WHAT TO DO: State how many lines of the records include the word "Casa"; the reply is that number alone.

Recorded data
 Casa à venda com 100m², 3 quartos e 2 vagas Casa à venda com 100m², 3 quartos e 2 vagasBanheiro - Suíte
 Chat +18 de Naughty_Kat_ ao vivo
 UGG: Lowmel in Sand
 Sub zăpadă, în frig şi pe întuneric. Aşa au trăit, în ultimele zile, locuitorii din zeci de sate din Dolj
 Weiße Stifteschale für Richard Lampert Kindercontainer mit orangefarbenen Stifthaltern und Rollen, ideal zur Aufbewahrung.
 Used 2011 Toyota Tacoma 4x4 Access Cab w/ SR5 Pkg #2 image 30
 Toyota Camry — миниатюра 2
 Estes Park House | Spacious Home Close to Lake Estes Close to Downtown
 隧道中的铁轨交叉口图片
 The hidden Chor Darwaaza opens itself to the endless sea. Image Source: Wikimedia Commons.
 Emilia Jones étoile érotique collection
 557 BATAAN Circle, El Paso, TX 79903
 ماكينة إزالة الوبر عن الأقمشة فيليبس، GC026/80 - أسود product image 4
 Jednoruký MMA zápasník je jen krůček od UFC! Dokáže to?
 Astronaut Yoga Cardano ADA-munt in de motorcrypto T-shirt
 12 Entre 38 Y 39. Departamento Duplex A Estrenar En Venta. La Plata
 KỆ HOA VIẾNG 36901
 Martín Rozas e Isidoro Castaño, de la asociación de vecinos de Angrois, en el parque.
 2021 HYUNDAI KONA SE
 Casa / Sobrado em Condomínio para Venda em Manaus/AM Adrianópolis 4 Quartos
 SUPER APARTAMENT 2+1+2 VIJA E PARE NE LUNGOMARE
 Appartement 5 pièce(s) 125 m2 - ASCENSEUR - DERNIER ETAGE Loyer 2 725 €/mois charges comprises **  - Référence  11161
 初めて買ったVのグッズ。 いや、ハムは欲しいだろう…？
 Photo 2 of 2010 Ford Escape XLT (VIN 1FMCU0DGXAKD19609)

ANSWER: 2